Would you be able to answer some of the questions that have been asked.

How old are you?

Do you know anything about human biology?

To address the same point on a more serious note, as many others have said here, not every act of marital intercourse leads to a child. In fact, even for most Catholic couples who follow the Church’s teaching against contraception, it is probably true that the vast majority of marital acts do not result in conception.

When you take into account that women cannot conceive during the nine months of pregnancy, and that ecological breastfeeding can result in six to 24 months of natural infertility after childbirth, and that NFP can be used (for a serious reason) to identify fertile times and to abstain at those times, many couples have ample opportunities to be intimate when no conception will occur.

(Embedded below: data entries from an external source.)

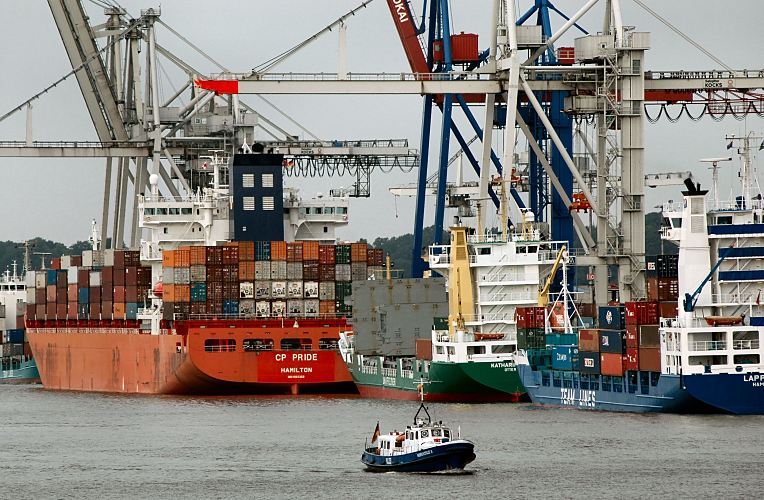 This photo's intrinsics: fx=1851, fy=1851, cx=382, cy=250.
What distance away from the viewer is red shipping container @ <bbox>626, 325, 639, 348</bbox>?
5569cm

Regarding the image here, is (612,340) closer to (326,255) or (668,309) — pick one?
(668,309)

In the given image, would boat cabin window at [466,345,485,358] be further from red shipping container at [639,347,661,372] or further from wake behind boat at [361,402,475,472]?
wake behind boat at [361,402,475,472]

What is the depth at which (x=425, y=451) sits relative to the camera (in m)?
46.0

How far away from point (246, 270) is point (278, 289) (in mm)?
1481

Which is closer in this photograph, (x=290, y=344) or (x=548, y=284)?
(x=548, y=284)

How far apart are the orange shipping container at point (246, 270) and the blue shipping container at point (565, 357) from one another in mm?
16228

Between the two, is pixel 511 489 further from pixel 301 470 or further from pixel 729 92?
pixel 729 92

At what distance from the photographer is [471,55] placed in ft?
250

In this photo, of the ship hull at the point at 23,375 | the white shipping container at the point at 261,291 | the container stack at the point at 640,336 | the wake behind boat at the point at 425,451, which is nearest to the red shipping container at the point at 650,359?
the container stack at the point at 640,336

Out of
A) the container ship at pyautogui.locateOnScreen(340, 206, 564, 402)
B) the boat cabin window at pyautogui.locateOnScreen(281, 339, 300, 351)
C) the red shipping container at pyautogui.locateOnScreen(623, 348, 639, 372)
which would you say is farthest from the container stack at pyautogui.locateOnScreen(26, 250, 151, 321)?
the red shipping container at pyautogui.locateOnScreen(623, 348, 639, 372)

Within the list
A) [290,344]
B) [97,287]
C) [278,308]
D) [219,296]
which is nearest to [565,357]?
[290,344]

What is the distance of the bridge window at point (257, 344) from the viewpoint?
73.1 meters

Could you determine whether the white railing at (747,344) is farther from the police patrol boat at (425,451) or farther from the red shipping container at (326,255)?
the red shipping container at (326,255)

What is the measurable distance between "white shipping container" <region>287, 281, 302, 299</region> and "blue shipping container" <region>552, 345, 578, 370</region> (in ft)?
50.9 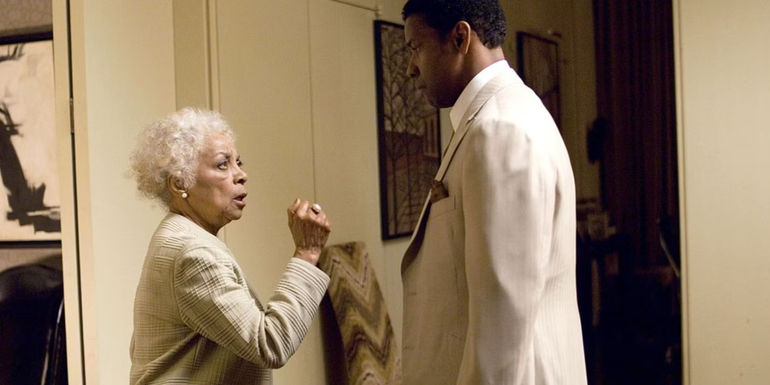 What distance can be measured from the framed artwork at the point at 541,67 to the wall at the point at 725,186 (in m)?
2.31

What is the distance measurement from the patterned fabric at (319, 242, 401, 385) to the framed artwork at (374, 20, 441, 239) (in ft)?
1.39

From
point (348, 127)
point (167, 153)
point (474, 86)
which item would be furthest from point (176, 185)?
point (348, 127)

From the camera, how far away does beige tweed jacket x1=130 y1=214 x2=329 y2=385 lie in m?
1.81

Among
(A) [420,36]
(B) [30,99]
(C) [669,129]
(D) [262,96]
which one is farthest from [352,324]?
(C) [669,129]

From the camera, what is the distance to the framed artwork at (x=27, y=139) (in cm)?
321

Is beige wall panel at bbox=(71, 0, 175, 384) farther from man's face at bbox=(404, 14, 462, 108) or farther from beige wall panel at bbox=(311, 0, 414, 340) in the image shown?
man's face at bbox=(404, 14, 462, 108)

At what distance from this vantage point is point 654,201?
576cm

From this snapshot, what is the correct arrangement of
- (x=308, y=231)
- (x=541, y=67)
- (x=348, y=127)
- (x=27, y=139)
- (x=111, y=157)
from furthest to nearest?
(x=541, y=67) < (x=348, y=127) < (x=27, y=139) < (x=111, y=157) < (x=308, y=231)

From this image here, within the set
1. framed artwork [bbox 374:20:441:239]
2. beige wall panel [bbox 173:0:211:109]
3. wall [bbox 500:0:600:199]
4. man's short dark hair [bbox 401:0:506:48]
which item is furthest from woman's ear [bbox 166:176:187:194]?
wall [bbox 500:0:600:199]

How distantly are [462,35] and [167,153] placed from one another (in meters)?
0.85

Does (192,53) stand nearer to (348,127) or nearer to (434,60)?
(348,127)

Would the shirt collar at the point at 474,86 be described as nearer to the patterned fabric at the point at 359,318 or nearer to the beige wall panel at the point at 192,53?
the beige wall panel at the point at 192,53

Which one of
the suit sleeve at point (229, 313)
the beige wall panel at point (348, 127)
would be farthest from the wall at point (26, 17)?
the suit sleeve at point (229, 313)

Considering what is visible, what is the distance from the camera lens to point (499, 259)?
4.66ft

For my own marriage, it generally takes almost two years from the conception of one child to the return of my wife’s fertility (i.e., the first opportunity to conceive another child). That’s nine months of pregnancy, plus typically about 14 months of delayed ovulation due to ecological breastfeeding, which is a total of about 23 months of infertility (almost two years). So even if my wife and I had no serious reason to limit our number of children, we still could be intimate as many times as we want over the course of almost two years, and conceive only once during that time – and then have another two years of intimacy before the next possibility of conception. That’s a far, far cry from every marital act resulting in conception!